CS 143 / Project 2 / Local Feature Matching

This local feature matching algorithm takes in 2 images of the same object, and has 3 steps: finds the interest points in each of them, calculates the feature for every interest points and matches the features. Here is a list of detail steps in my implementation:

  1. Get interest points from both images. I first blur the image, then filter it with sobel filters to get the gradients with x and y directions: Ix and Iy. Then I use the formula to detect the Harris corners: Ix^2*Iy^2 - IxIy - alpha*(Ix+Iy)^2, where alpha is a value between 0.04 and 0.06. I put a threshold for the Harris corners to elimenate the low values. I used colfilt() for non-maximum suppression, and I manually assign 0s to the image edges so that I will not get false interest points along image edges. The step returns the coordinates non-zero values, which are the interest pionts, in the non-maxinum surpressed image. In this part, I exprimented different values of different parameters. For example, the threshold for Harris corner: if the value is higher, than only the high contract corners can be kept and the overall accuracy will increace; the window size for colfilt funcion: the samller the window size is, the more interest points we will get and thus improve the accuracy.
  2. Get features of each interest points. I have tried two different approches for this part.
    • First approach: For each interest points, first take the feature_width by feature_width window around it. Filter this window with a gaussian filter of the same size. Then for each feature_width/4 by feature_width/4 window, calculate the gradient of x and y direction: Ix and Iy. Build the histogram of 8 directions using the value of sqrt(x^2+y^2) based on the theta value of arctan(Iy/Ix). Since there are 4*4 cells in the window, the feature is 4*4(cells) * 8(directions) = 128 dimention. Then I normalised each feature and raise the feature vector to 0.6-0.8. I first tried blur each cell individually, but the accuracy was ~60%. Then I blur the window with a bigger gaussian and the accuracy raised to ~80%.
    • Second approach: First blur the image with gaussian filter. Then I constructed 8 filter of 8 different directions. Convolve the image with these 8 filter seperately. For each interest point, take a feature_width by feature_width around it. Within the window, for each feature_width/4 by feature_width/4 cell, I take the sum of the values in the cell as the value of the histgram of that direction. Then for each feature, I normalise it and raise it to power of 0.6 or 0.7. This approach actually works better for me. It raised the accuracy from ~80% to ~90%.
  3. Match the features. For each feature from image1, I calculate the distance between this feature and every feature from image2. Sorting the distance will give me the nearest neighbour and the second nearest neighbour. I take the ratio between the distance of these two neighbours as the confidence. The set of matched features contains the feature that has confidence larger than a threshold. I have tried different values between 0.7 and 0.87 for this threshold.

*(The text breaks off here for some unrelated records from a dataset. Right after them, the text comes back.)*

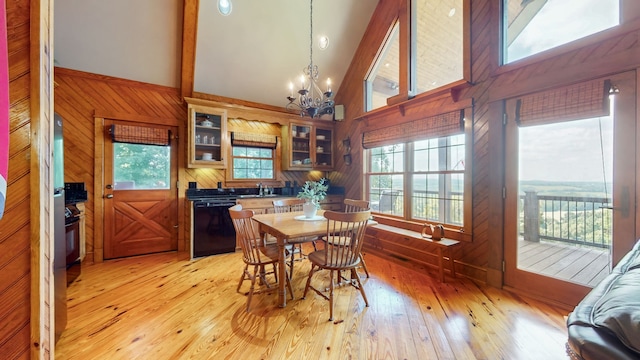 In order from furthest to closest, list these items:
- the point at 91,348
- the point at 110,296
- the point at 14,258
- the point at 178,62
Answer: the point at 178,62 → the point at 110,296 → the point at 91,348 → the point at 14,258

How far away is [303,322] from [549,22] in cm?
377

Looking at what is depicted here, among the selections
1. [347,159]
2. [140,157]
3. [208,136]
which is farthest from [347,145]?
[140,157]

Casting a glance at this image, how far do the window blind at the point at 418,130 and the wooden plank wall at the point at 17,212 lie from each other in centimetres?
365

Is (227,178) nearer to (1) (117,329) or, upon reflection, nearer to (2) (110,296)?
(2) (110,296)

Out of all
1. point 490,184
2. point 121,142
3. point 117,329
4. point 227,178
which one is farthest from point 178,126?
point 490,184

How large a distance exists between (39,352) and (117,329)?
1060 mm

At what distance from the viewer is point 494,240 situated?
2.75 meters

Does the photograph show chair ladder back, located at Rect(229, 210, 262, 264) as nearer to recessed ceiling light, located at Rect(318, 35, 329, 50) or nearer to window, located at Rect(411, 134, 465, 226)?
window, located at Rect(411, 134, 465, 226)

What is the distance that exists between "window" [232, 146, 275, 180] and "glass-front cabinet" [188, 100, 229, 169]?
1.14ft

Some images and the distribution of its interest points

Each grey/white square represents an interest point. This image is saved after the non-maximum suppression. I keep the square so that they are more visible.

The majority of the interest points are not on the statues. Maybe there not many distinctive corners on human faces. Maybe I should experiment a bit more on the parameters.

Results in a table

152 total good matches, 9 total bad matches. Accuracy: 94.4%. Window size for colfilt: 5*5; threshold for Harris: 0.0000001; threshold for ratio:0.73;

26 total matches.

122 total matches.

59 total matches.

164 total matches.

[BAD]The algorithm detected many interest points in the tree or the cloud, which led to mismatches.

[BAD]54 total matches, but I think only half of them are good matches. Most parts of the pictures are sky and grass, which don't contribute to useful interest points.

[BAD]37 total matches, but almost all matches are not on the statues.

The good results are usually generated from the inputs which share similar angles or most of their components have similar background. My algorithm does not work well on photos of statues.